Anthony Albanese has written to British Prime Minister Sir Keir Starmer to formally back removing Prince Andrew from the royal line of succession, with the Prime Minister citing what he described as "grave allegations" against the Duke of York.
New Zealand has since become the second Commonwealth nation to publicly voice support for the move, adding weight to a push that now spans multiple countries with the British monarch as head of state.
The development places Australia alongside an emerging coalition of Commonwealth governments signalling that the allegations surrounding Prince Andrew, which relate to his association with convicted sex offender Jeffrey Epstein, have crossed a threshold demanding formal institutional response.

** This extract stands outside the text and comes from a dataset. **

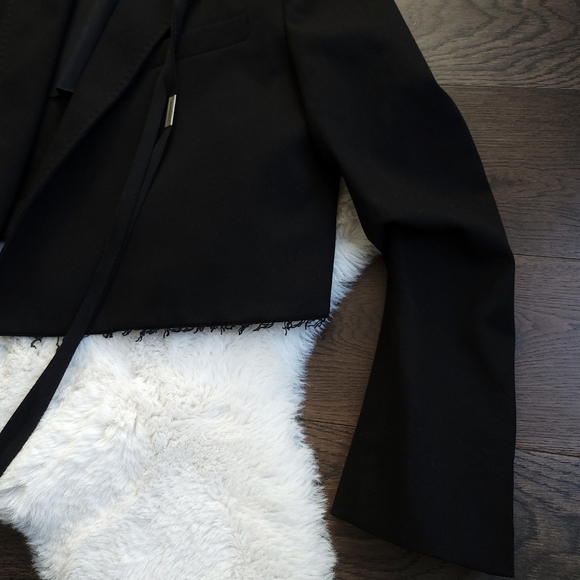 Ann Demeulemester Inge Minimilist Cropped Raw Hem Blazer - Picture 5 of 11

Albanese's decision to write directly to Starmer represents a notable step. Australia's federal government does not typically weigh in on the internal affairs of the British royal family, and the move will be read in some quarters as a deliberate signal that the matter is no longer considered purely a domestic British question.

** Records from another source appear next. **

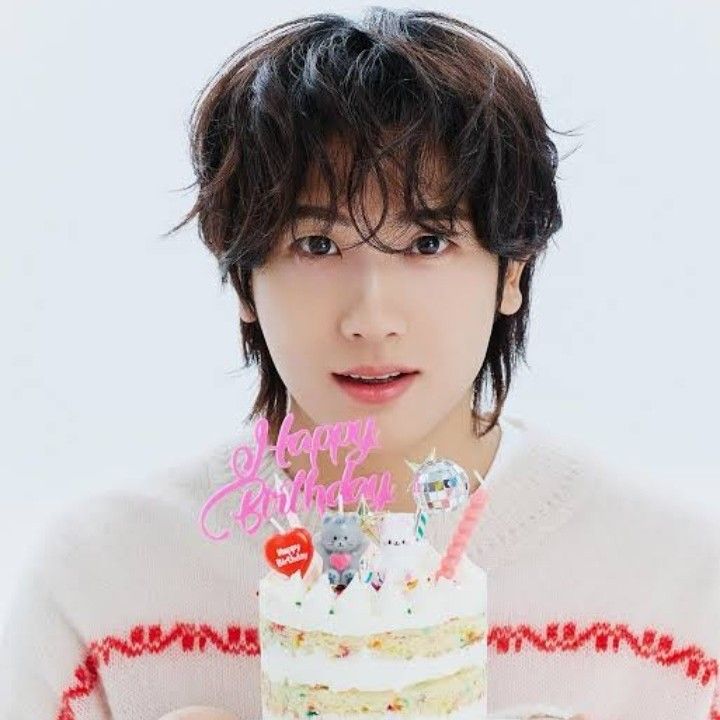 A moment captured by a fan of Park Hyungsik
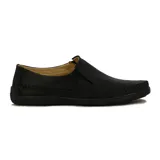 Zapato tipo rutero en color whisky, con diseño clásico y suela cómoda.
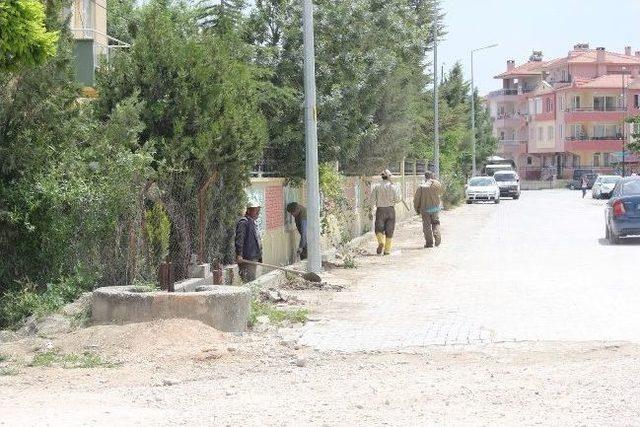 Sulama Kanallarında Temizlik Çalışmaları Devam Ediyor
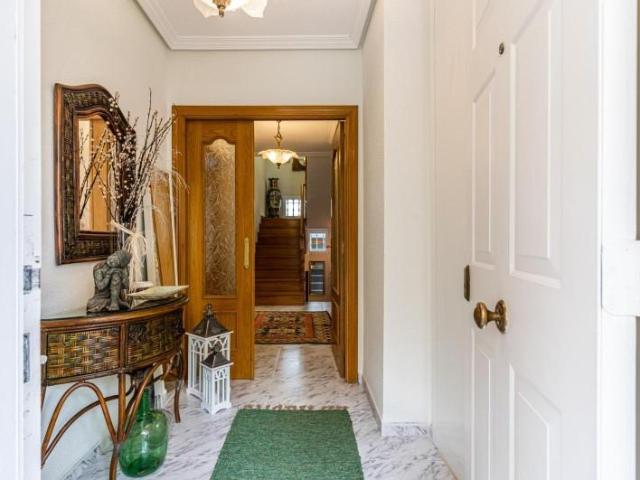 Bungalow en venta en Arroyomolinos, Madrid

Prince Andrew stepped back from royal duties in 2019 following widespread criticism of a BBC interview in which he addressed his friendship with Epstein. He later reached a civil settlement in the United States with Virginia Giuffre, who had accused him of sexual abuse. He denied the allegations and the settlement was reached without admission of liability.
Supporters of the Duke of York argue that he has not been convicted of any criminal offence and that altering succession law on the basis of civil allegations sets a troubling precedent for due process. That argument carries real legal weight: succession to the Crown in Commonwealth realms is governed by longstanding statute, and any change would require legislative coordination across multiple jurisdictions.
The British government has not publicly confirmed whether it is actively pursuing succession changes. Any such reform in the UK would likely require an act of the Westminster Parliament, and potentially parallel legislation in realms including Australia, where the Succession to the Crown Act 2015 mirrors UK succession law.
That constitutional dimension is significant. The Australian parliament passed its own succession legislation to maintain consistency with the UK, meaning Canberra could theoretically be required to act independently if the UK moves forward. Albanese's letter may, in part, be laying the groundwork for that legislative conversation.
The New Zealand government's decision to follow Australia's lead suggests a coordinated approach is developing among the Pacific realms, though neither government has outlined a precise legislative timetable.
From a centre-right perspective, the core concern is institutional integrity: the monarchy's credibility as a constitutional institution rests partly on public trust, and that trust has clear limits. The counterargument, grounded in rule-of-law principles, is that altering a person's legal standing without a criminal conviction requires careful procedural justification, not merely political momentum.
Both concerns are legitimate. The more durable path forward is one that respects legal process while acknowledging that public institutions, including the monarchy, carry reputational obligations that go beyond the strict threshold of criminal guilt. Whether that balance is best struck through succession reform, or through other means, is a question that reasonable people across the political spectrum will continue to debate.